- _Instructions to follow_: In the records below, locate the line containing "Photo 12: 412"; output that line and every following line through the last, exactly.

- _Task material_:
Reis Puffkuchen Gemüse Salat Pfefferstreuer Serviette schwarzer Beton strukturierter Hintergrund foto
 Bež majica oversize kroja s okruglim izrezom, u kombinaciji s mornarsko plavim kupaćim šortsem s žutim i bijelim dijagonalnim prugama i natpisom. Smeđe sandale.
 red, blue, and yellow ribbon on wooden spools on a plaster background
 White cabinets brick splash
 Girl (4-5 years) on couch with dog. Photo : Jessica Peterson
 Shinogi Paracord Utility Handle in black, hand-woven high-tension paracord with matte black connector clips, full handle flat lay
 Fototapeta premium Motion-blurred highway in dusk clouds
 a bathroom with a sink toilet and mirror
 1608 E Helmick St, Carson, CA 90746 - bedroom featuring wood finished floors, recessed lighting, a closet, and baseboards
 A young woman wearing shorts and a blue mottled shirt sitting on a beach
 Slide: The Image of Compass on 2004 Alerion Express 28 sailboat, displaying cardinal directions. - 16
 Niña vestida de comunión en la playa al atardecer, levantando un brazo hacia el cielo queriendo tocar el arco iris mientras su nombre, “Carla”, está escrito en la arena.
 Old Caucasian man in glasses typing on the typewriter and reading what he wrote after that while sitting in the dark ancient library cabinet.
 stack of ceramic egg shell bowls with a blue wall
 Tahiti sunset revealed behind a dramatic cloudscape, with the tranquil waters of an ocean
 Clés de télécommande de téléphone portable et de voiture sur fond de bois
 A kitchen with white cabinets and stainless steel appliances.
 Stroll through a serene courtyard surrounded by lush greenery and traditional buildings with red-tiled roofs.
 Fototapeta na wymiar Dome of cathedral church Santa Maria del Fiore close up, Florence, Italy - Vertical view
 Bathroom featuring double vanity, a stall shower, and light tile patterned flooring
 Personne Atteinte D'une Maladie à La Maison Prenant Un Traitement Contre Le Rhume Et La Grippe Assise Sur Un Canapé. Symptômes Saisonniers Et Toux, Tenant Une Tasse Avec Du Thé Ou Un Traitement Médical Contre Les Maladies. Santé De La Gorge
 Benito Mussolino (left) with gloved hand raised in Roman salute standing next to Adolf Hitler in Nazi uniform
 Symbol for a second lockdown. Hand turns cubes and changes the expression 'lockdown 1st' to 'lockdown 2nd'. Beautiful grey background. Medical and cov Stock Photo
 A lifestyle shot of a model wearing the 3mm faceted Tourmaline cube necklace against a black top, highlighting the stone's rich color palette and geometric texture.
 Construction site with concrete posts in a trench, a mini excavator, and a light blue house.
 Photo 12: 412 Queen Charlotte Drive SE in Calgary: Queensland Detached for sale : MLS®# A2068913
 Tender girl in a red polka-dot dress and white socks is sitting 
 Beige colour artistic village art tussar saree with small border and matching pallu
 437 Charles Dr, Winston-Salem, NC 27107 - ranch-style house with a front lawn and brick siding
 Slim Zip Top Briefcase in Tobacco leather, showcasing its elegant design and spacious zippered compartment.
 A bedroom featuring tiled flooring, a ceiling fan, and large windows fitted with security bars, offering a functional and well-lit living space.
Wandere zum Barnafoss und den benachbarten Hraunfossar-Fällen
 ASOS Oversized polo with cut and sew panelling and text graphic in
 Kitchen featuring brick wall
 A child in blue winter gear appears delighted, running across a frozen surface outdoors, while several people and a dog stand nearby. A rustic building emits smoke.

- _Problem solution_:
 Photo 12: 412 Queen Charlotte Drive SE in Calgary: Queensland Detached for sale : MLS®# A2068913
 Tender girl in a red polka-dot dress and white socks is sitting 
 Beige colour artistic village art tussar saree with small border and matching pallu
 437 Charles Dr, Winston-Salem, NC 27107 - ranch-style house with a front lawn and brick siding
 Slim Zip Top Briefcase in Tobacco leather, showcasing its elegant design and spacious zippered compartment.
 A bedroom featuring tiled flooring, a ceiling fan, and large windows fitted with security bars, offering a functional and well-lit living space.
Wandere zum Barnafoss und den benachbarten Hraunfossar-Fällen
 ASOS Oversized polo with cut and sew panelling and text graphic in
 Kitchen featuring brick wall
 A child in blue winter gear appears delighted, running across a frozen surface outdoors, while several people and a dog stand nearby. A rustic building emits smoke.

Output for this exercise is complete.